Raw data:
******

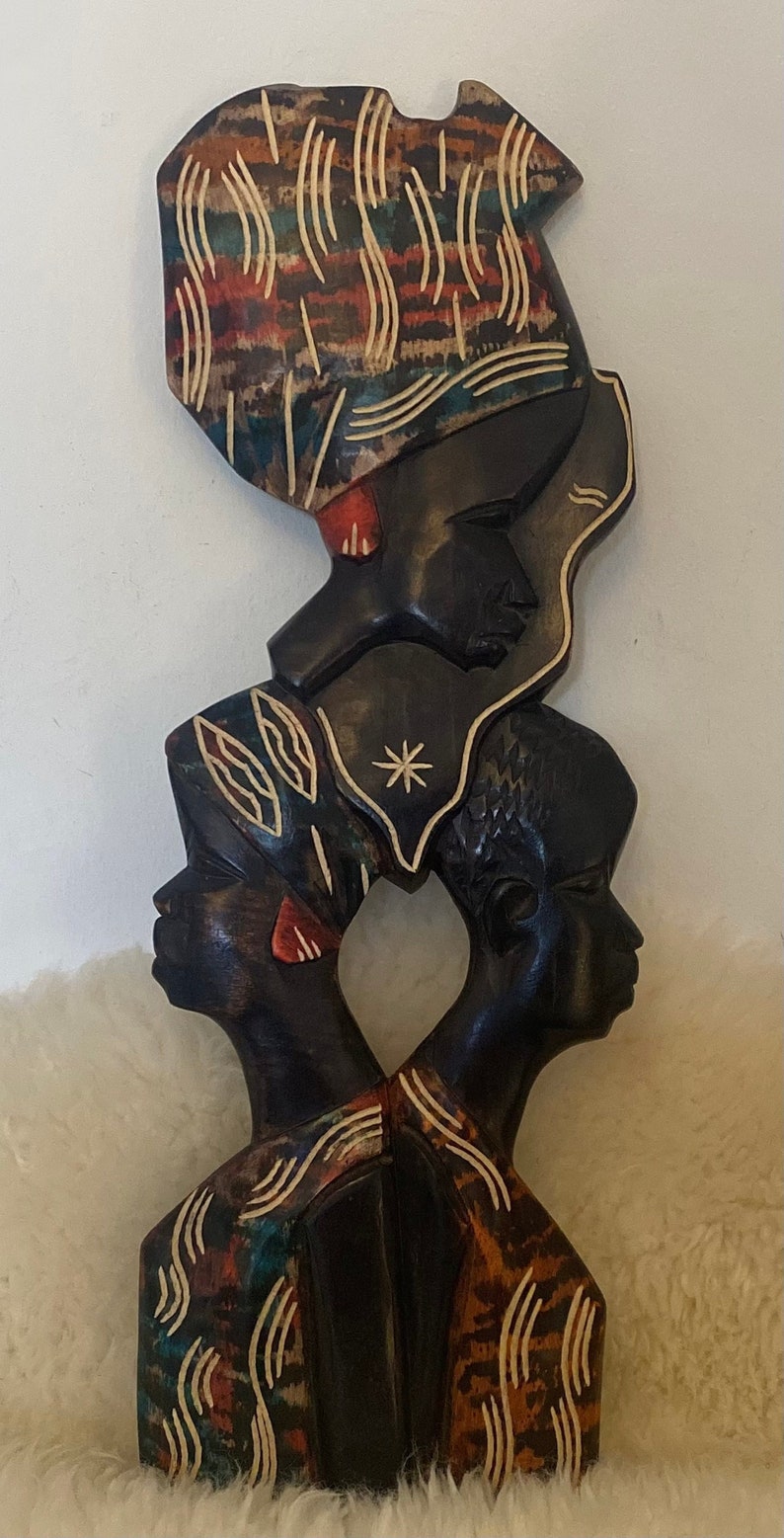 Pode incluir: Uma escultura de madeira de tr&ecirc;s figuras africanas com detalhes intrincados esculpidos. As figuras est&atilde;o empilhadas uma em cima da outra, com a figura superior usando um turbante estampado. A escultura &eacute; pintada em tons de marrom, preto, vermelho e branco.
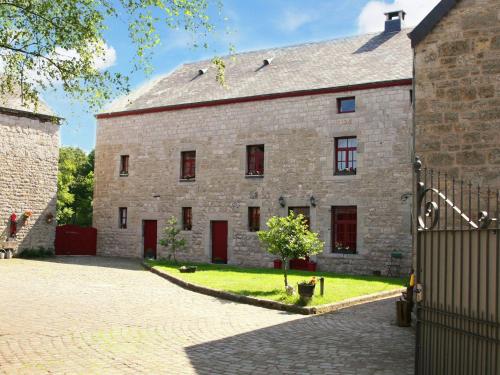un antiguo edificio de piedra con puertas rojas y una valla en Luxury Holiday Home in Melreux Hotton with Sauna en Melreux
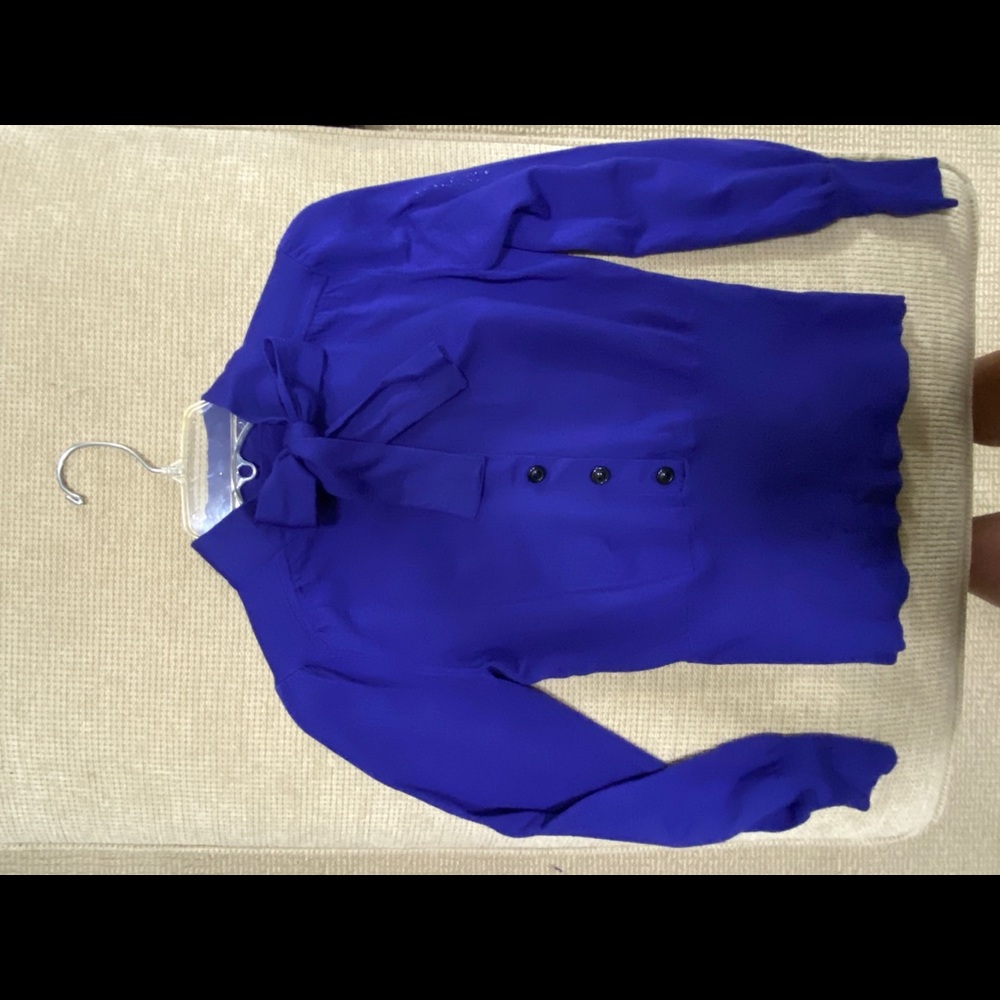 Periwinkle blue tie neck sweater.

******

Task goal: Copy out the lines exactly as written, beginning with the one that contains "un antiguo edificio" and ending with the last line of the material; do not include pictures.

Output below:
un antiguo edificio de piedra con puertas rojas y una valla en Luxury Holiday Home in Melreux Hotton with Sauna en Melreux
 Periwinkle blue tie neck sweater.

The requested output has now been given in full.